Christina Kramer


Christina Elizabeth Kramer is Professor of Slavic and Balkan languages and linguistics at the University of Toronto and Chair of the university's Department of Slavic Languages and Literatures which is part of the Faculty of Arts and Science. She is a specialist on Balkan languages and semantics, specifically on South Slavic languages. Her research focus on synchronic linguistics, sociolinguistics, verbal categories, language and politics.
Kramer authored Macedonian: A Course for Beginning and Intermediate Students. The book – first published in 1999, revised and expanded in 2003 and 2011 – is the most recent English Macedonian textbook.
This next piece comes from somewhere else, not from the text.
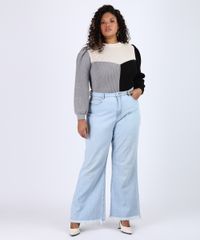 Calca-Jeans-Feminina-Plus-Size-Pantalona-Cintura-Super-Alta-com-Barra-Desfiada-Azul-Claro-9956109-Azul_Claro_3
She is a noted translator of literature from Bulgarian and Macedonian.
Kramer co-invented the language "Lavinian" for Nicolas Billon's play Butcher.

Education

Kramer worked as a translator for Berlitz Translation Service for some time, translating documents from Bulgarian, Macedonian, Russian, Serbo-Croatian, and Turkish.
Since 1986 Kramer has been a member of the University of Toronto faculty. She was promoted to full professor in May 2001.

Key publications

Christina E. Kramer's translations of several Bulgarian and Macedonian novels have been published by the University of Wisconsin Press and Penguin Books.

Awards

Kramer received the 2006 Book Award from the American Association of Teachers of Slavic and Eastern European Languages for best contribution to language pedagogy for her book Macedonian: A Course for Beginning and Intermediate Students.
In 2014, Kramer was awarded a National Endowment for the Arts grant to fund her work on translating a novel from Luan Starova's Balkan Saga cycle, The Path of the Eels. This was the first time ever a NEA grant was awarded to support a translation from Macedonian to English. Her translation of Lidija Dimkovska's "A Spare Life" made the long list for the Best Translated Book of 2017 Award.